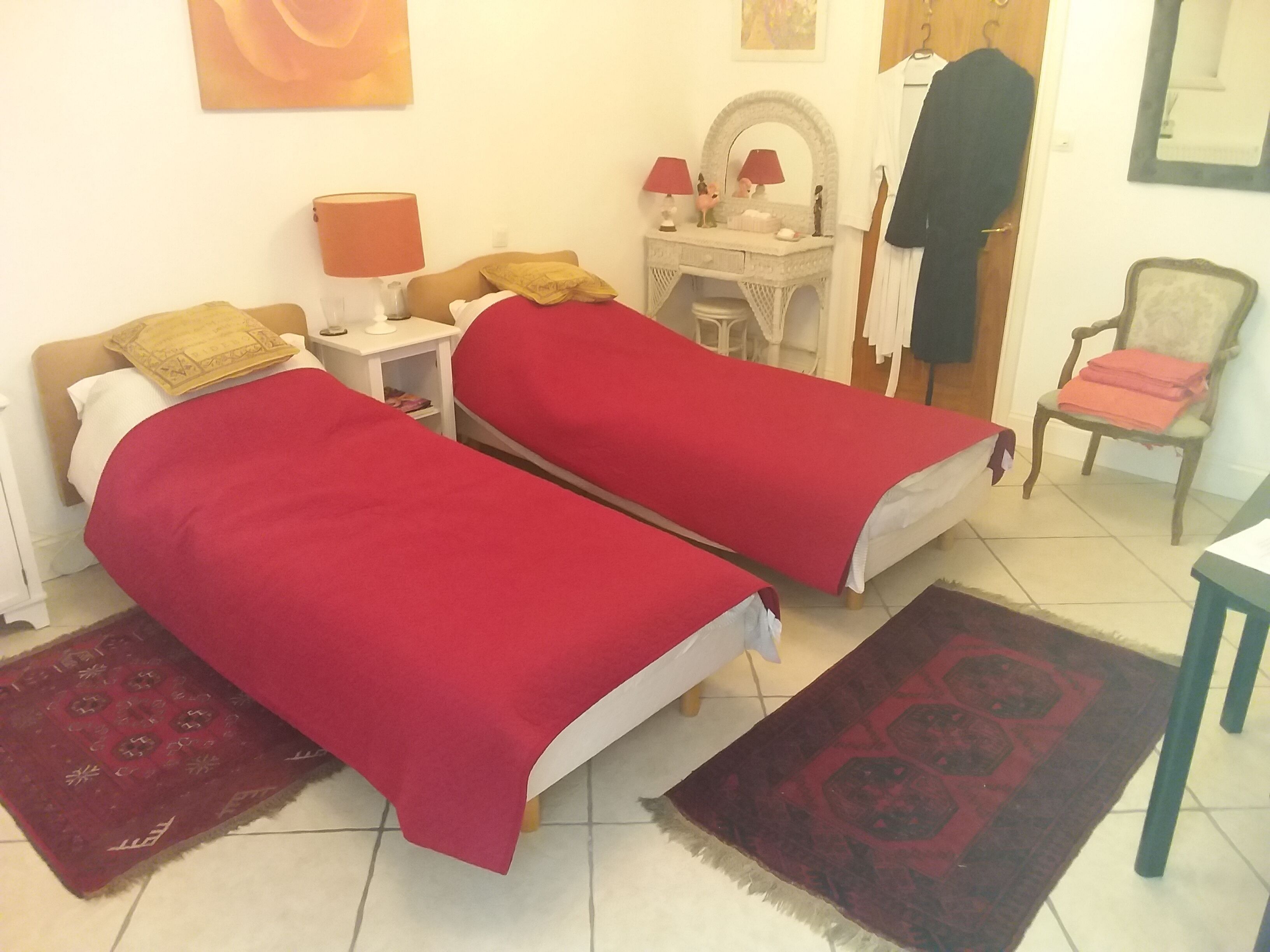 Une chambre avec deux lits simples, une table de chevet avec une lampe, une coiffeuse avec un miroir, une chaise et un manteau accroché.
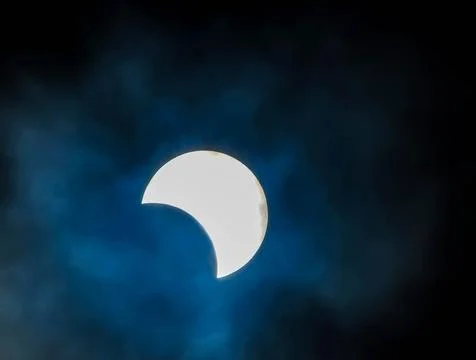 A large white moon is visible in the sky, with a blue and cloudy background Stock Photos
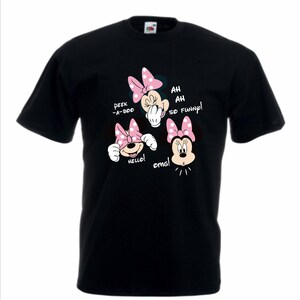 Op de afbeelding: Zwart T-shirt met een Minnie Mouse-ontwerp. Het ontwerp toont Minnie in drie verschillende poses, elk met een roze strik en tekstballonnen met de tekst "Peek-a-boo", "Hello!", "Ah, ah, so funny!" en "omg!".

**WORK INSTRUCTIONS:**
Print the data above from its first line through the line that has "A large white", exactly and with nothing else, omitting pictures.

**ANSWER FOR THIS EXERCISE:**
 Une chambre avec deux lits simples, une table de chevet avec une lampe, une coiffeuse avec un miroir, une chaise et un manteau accroché.
 A large white moon is visible in the sky, with a blue and cloudy background Stock Photos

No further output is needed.